Well … I got through another college football Saturday with a smile on my mug as I got to watch my Oregon Ducks deliver a beat down to the Colorado Buffaloes on national TV.
But … I am troubled by the trend that has developed in college football. It’s the “transfer portal” that, to my mind, has resulted in a form of intercollegiate free agency among these student-athletes.
Football players frequently “transfer” their eligibility from one school to another. It allows them some additional college football playing time, which presumably could enhance their financial windfall come draft day in the National Football League.
The old-school fuddy duddy in me isn’t entirely sold on the transfer portal. Watching the Ducks-Buffs game Saturday filled my ears with lots of commentary on all the transfers playing for both Oregon and Colorado. Indeed, the Ducks’ quarterback, Bo Nix, is a kid who transferred from Auburn to play for Oregon. Head U of O coach Dan Lanning calls Nix ‘an elite quarterback” who, after the Saturday blowout of Colorado, has become a Heisman Trophy candidate.

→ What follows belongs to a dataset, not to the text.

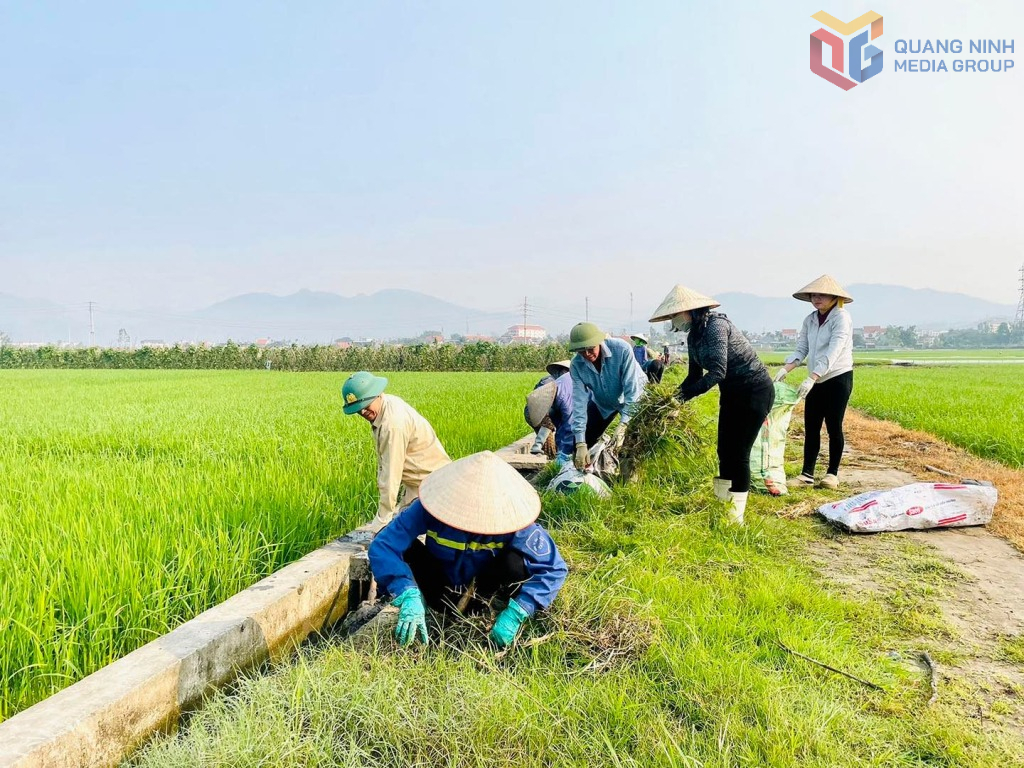 Hội Nông dân phường Yên Tử dọn dẹo vệ sinh đồng ruộng trên địa bàn.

But my point is that the transfer portal vehicle creates a sort of traveling road show quality to all these athletes moving from one university to another to burnish their marketability with the pro franchises. It’s not unlike what has happened over the course of 50 years to Major League Baseball, where athletes shop themselves around the league when their contract expires with the team for which they have played.
It’s difficult these days to attach any loyalty to players who come to a major league franchise, and then leave after three or four seasons. Which is why I always enjoy seeing players inducted into the MLB Hall of Fame who played their entire career with a single team.
Now it’s intercollegiate tackle football that’s been bitten by this transfer portal bug.
Finally, I will stipulate that my devotion to my home state Ducks won’t diminish over the transfer notion. I hope Bo Nix wins the Heisman … but I would enjoy it even more had he played the whole time for Oregon.